The United States government is reportedly preparing to issue a temporary waiver for the Jones Act as early as Wednesday. This move is intended to facilitate the domestic shipment of essential commodities like fuel and fertilizer.
This expected action comes in response to significant price increases in both energy and fertilizer markets, which have been exacerbated by recent geopolitical conflicts. The Jones Act normally restricts maritime transport between U.S. ports to vessels that are U.S.-flagged and U.S.-built, limiting available shipping capacity.

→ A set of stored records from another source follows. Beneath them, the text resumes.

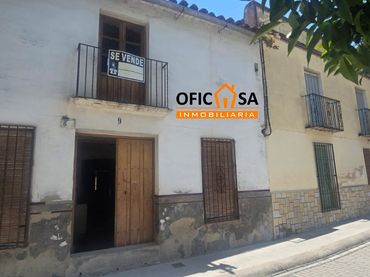 Casa en venda a Villanueva de la Reina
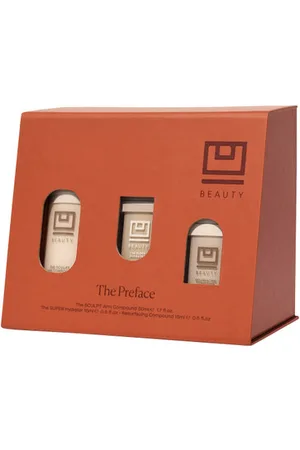 U BEAUTY The Preface Set, Gift Sets, Lopi, Resurfacing Compound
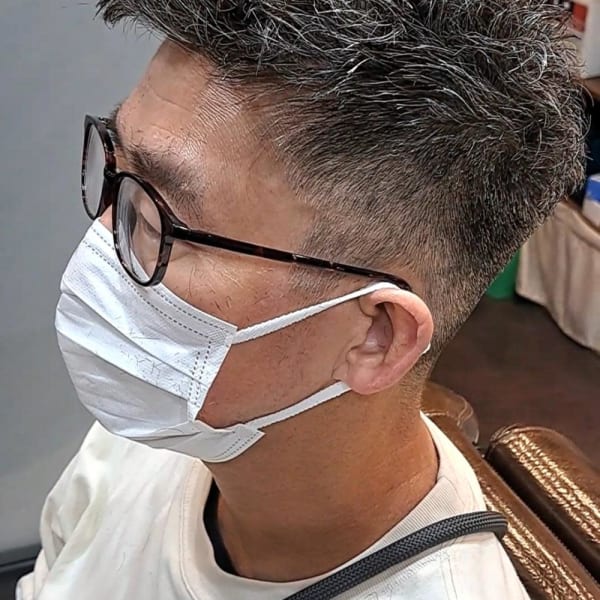 ベリーショート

A waiver would allow foreign-flagged vessels to operate on domestic routes, increasing the supply of available tankers and carriers. This is anticipated to lower shipping costs and alleviate supply chain bottlenecks. Consequently, it could help stabilize or reduce the prices of fuel for consumers and fertilizer for the agricultural sector.
The potential waiver represents a direct government intervention aimed at curbing inflationary pressures on key commodities. Market participants will be closely monitoring the official announcement for details on the waiver's duration and scope.
Q: What is the Jones Act?
A: It is a U.S. federal law that mandates the use of U.S.-flagged and built vessels for the transport of goods between domestic ports.
Q: Why is this waiver being considered?
A: It is a measure to combat rising fuel and fertilizer prices by increasing the availability of shipping options and lowering transport costs.